WHAT IS EXPECTED.
Go to the line containing "Shanuo Beach Bungalows" in the records below and retype from there through the final line, exactly.

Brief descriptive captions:
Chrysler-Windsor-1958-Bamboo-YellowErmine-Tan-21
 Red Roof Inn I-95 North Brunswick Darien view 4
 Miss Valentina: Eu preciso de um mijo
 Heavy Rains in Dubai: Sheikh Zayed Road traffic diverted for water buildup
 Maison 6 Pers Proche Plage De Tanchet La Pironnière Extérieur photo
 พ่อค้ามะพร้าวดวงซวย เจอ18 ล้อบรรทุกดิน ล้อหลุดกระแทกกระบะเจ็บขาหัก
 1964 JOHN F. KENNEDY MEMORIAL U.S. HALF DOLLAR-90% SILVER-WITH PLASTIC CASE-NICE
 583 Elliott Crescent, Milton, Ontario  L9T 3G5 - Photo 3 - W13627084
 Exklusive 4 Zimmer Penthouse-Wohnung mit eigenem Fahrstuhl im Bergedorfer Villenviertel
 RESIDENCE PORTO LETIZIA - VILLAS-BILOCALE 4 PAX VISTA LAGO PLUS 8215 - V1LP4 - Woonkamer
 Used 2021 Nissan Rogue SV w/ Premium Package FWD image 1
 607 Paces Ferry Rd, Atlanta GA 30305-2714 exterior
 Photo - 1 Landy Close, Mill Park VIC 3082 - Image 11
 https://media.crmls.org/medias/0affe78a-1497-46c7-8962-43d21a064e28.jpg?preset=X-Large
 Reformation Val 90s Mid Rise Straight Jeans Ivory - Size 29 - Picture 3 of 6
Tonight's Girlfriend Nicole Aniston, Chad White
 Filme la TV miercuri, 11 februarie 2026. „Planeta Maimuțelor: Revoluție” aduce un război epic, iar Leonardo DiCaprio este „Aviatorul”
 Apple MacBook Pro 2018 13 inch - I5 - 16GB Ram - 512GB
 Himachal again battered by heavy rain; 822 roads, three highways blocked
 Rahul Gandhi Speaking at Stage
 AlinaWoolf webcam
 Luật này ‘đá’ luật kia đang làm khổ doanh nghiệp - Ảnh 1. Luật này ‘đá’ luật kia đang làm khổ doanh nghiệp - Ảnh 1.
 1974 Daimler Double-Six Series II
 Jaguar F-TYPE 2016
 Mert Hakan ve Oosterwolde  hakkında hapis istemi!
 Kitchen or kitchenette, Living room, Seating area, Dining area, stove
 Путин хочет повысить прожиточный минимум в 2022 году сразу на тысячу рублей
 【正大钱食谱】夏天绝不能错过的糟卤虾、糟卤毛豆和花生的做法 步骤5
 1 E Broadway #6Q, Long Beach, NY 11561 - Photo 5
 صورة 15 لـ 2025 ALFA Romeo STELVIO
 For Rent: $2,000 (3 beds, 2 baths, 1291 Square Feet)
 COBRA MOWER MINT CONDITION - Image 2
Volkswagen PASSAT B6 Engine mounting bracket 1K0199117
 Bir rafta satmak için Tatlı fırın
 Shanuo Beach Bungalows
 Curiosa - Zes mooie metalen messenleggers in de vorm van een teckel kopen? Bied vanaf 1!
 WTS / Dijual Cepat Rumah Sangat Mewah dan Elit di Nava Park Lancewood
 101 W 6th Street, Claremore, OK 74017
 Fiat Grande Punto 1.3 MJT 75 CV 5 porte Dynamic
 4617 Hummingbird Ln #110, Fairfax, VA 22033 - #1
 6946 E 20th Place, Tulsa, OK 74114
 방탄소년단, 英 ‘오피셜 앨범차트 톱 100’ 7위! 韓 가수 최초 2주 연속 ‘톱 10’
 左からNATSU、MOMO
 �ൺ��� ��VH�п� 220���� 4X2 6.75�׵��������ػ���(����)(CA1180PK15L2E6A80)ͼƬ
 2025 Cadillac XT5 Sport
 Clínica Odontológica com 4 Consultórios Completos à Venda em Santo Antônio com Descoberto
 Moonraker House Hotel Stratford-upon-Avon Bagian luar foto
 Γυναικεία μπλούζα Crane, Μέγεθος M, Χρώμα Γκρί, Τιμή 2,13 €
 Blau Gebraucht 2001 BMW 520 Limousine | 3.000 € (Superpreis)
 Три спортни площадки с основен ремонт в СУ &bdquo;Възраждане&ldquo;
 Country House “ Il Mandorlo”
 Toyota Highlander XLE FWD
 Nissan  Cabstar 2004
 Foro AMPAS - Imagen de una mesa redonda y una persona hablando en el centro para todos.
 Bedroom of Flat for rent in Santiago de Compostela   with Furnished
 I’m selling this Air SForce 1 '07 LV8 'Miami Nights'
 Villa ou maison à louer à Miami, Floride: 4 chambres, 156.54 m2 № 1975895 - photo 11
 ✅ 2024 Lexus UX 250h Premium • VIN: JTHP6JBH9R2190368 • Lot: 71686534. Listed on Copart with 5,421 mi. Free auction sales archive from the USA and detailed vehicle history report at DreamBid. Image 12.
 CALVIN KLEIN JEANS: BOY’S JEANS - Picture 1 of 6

ANSWER TO THIS TASK.
 Shanuo Beach Bungalows
 Curiosa - Zes mooie metalen messenleggers in de vorm van een teckel kopen? Bied vanaf 1!
 WTS / Dijual Cepat Rumah Sangat Mewah dan Elit di Nava Park Lancewood
 101 W 6th Street, Claremore, OK 74017
 Fiat Grande Punto 1.3 MJT 75 CV 5 porte Dynamic
 4617 Hummingbird Ln #110, Fairfax, VA 22033 - #1
 6946 E 20th Place, Tulsa, OK 74114
 방탄소년단, 英 ‘오피셜 앨범차트 톱 100’ 7위! 韓 가수 최초 2주 연속 ‘톱 10’
 左からNATSU、MOMO
 �ൺ��� ��VH�п� 220���� 4X2 6.75�׵��������ػ���(����)(CA1180PK15L2E6A80)ͼƬ
 2025 Cadillac XT5 Sport
 Clínica Odontológica com 4 Consultórios Completos à Venda em Santo Antônio com Descoberto
 Moonraker House Hotel Stratford-upon-Avon Bagian luar foto
 Γυναικεία μπλούζα Crane, Μέγεθος M, Χρώμα Γκρί, Τιμή 2,13 €
 Blau Gebraucht 2001 BMW 520 Limousine | 3.000 € (Superpreis)
 Три спортни площадки с основен ремонт в СУ &bdquo;Възраждане&ldquo;
 Country House “ Il Mandorlo”
 Toyota Highlander XLE FWD
 Nissan  Cabstar 2004
 Foro AMPAS - Imagen de una mesa redonda y una persona hablando en el centro para todos.
 Bedroom of Flat for rent in Santiago de Compostela   with Furnished
 I’m selling this Air SForce 1 '07 LV8 'Miami Nights'
 Villa ou maison à louer à Miami, Floride: 4 chambres, 156.54 m2 № 1975895 - photo 11
 ✅ 2024 Lexus UX 250h Premium • VIN: JTHP6JBH9R2190368 • Lot: 71686534. Listed on Copart with 5,421 mi. Free auction sales archive from the USA and detailed vehicle history report at DreamBid. Image 12.
 CALVIN KLEIN JEANS: BOY’S JEANS - Picture 1 of 6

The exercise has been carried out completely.